Please make an exact transcription of the records, keeping the pictures out of it.
*****
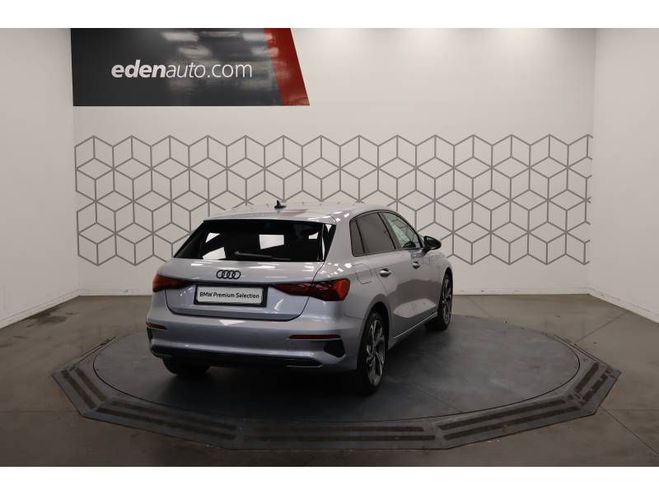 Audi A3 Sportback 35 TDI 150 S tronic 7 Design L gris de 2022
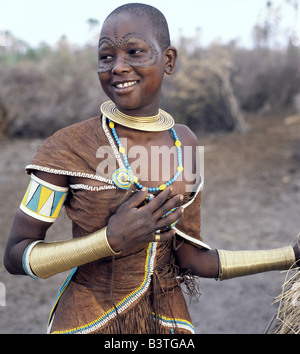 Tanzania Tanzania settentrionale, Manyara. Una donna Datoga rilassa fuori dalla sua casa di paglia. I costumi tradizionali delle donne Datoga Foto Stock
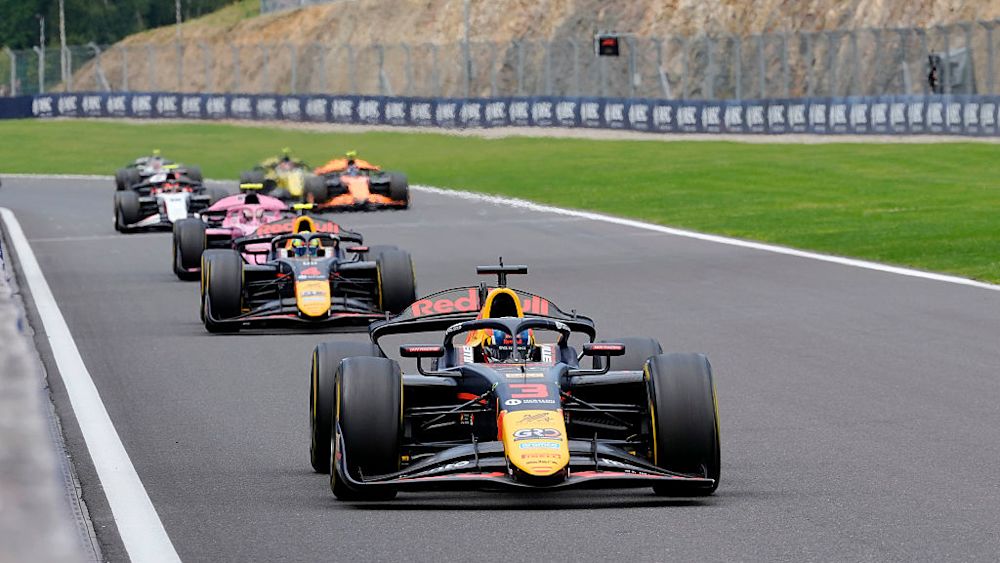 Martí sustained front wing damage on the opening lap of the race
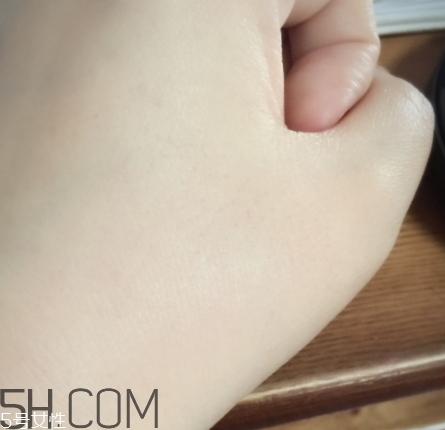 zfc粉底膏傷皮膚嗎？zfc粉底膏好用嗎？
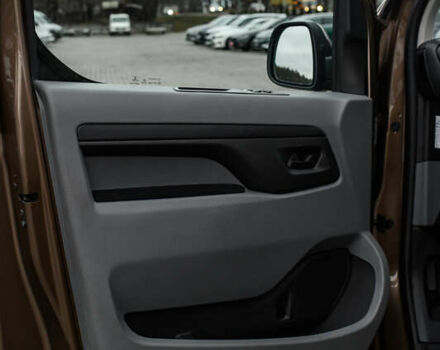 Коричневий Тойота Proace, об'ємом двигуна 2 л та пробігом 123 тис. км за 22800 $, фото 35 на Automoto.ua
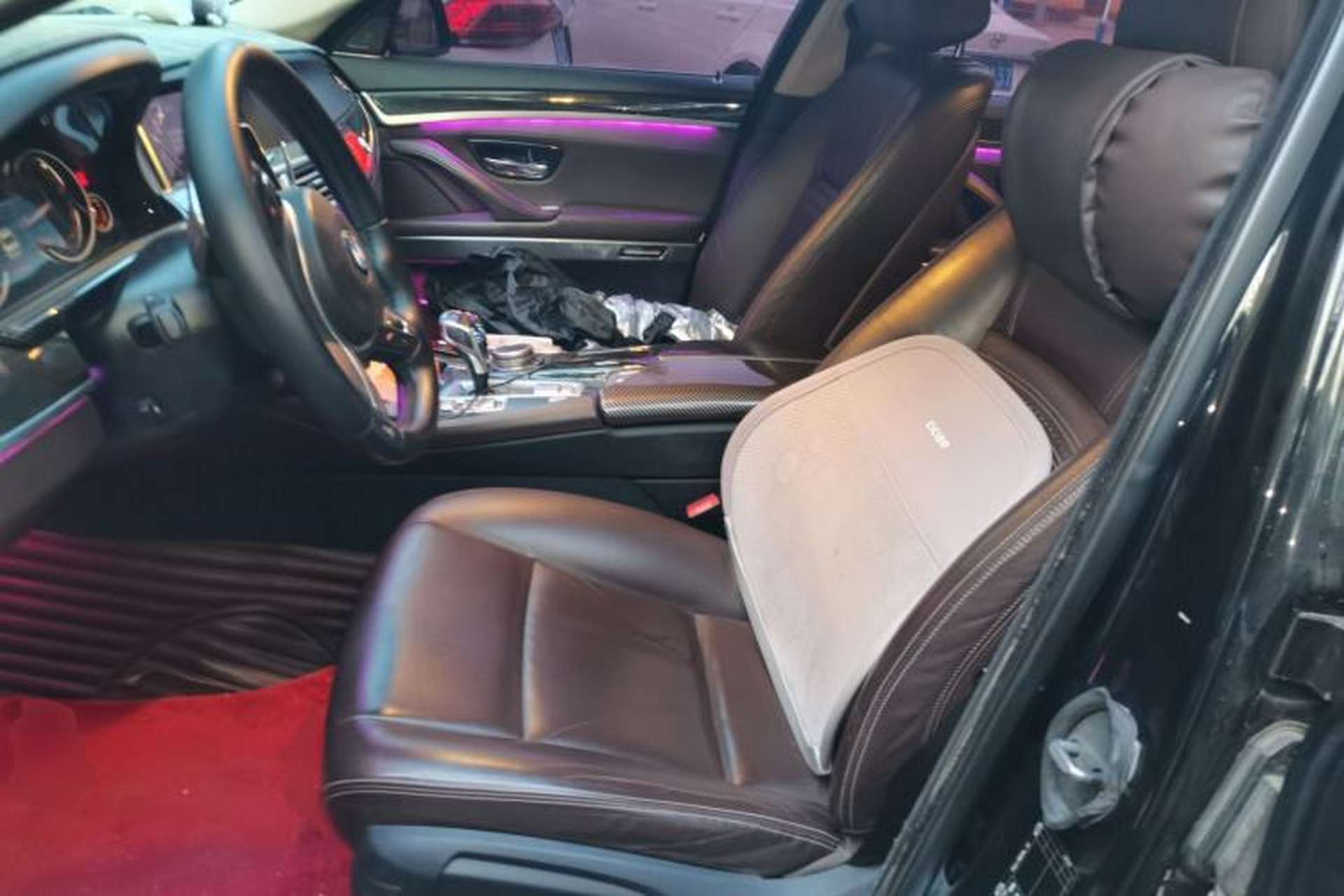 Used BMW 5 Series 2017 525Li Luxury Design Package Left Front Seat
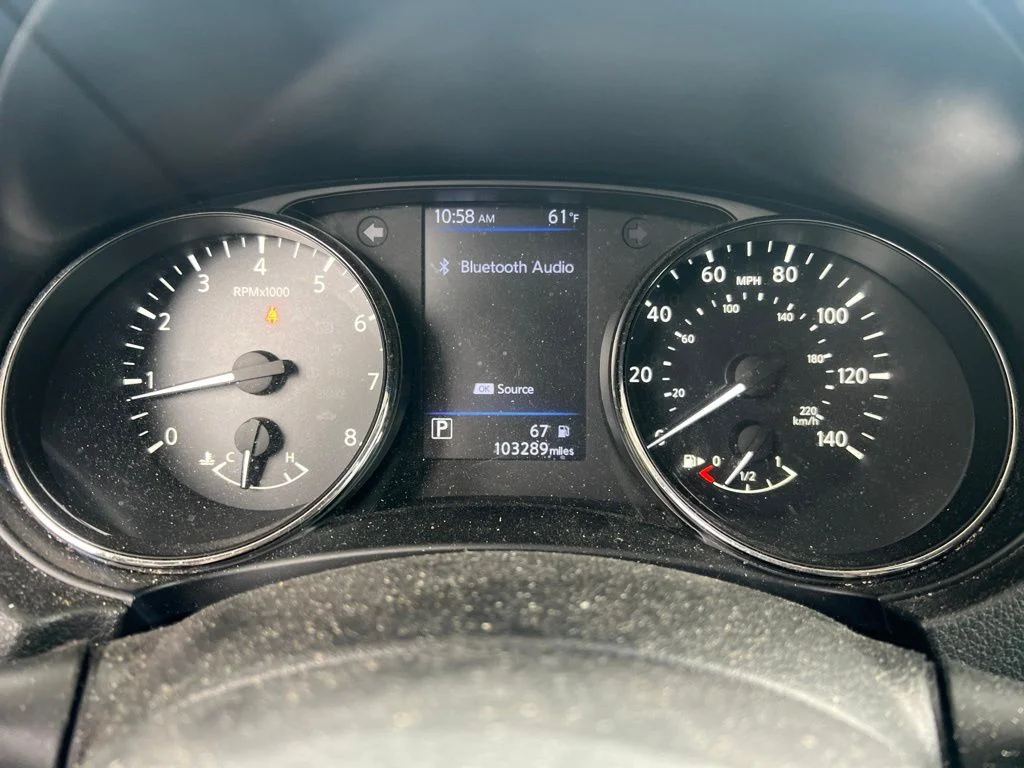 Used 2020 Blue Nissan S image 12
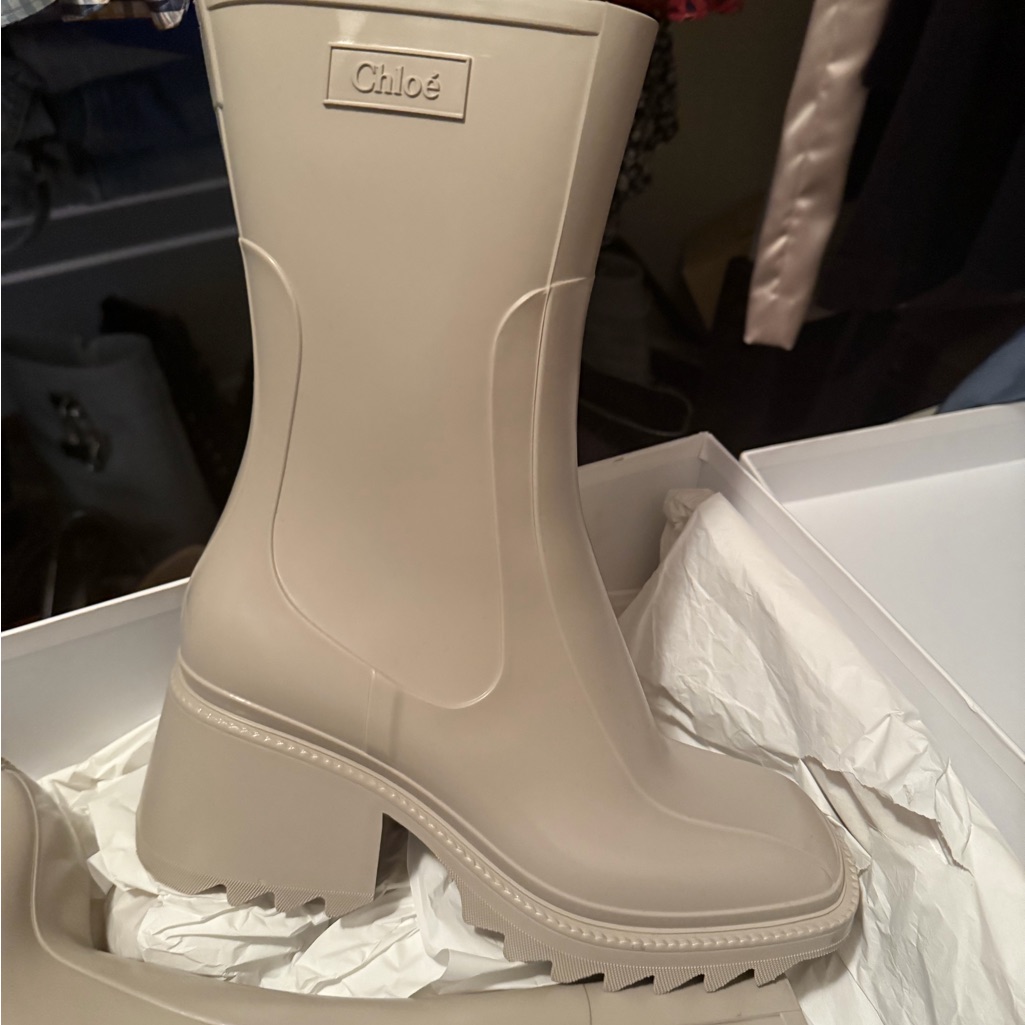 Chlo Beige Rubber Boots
*****
◆ **Final answer**:
 Audi A3 Sportback 35 TDI 150 S tronic 7 Design L gris de 2022
 Tanzania Tanzania settentrionale, Manyara. Una donna Datoga rilassa fuori dalla sua casa di paglia. I costumi tradizionali delle donne Datoga Foto Stock
 Martí sustained front wing damage on the opening lap of the race
 zfc粉底膏傷皮膚嗎？zfc粉底膏好用嗎？
 Коричневий Тойота Proace, об'ємом двигуна 2 л та пробігом 123 тис. км за 22800 $, фото 35 на Automoto.ua
 Used BMW 5 Series 2017 525Li Luxury Design Package Left Front Seat
 Used 2020 Blue Nissan S image 12
 Chlo Beige Rubber Boots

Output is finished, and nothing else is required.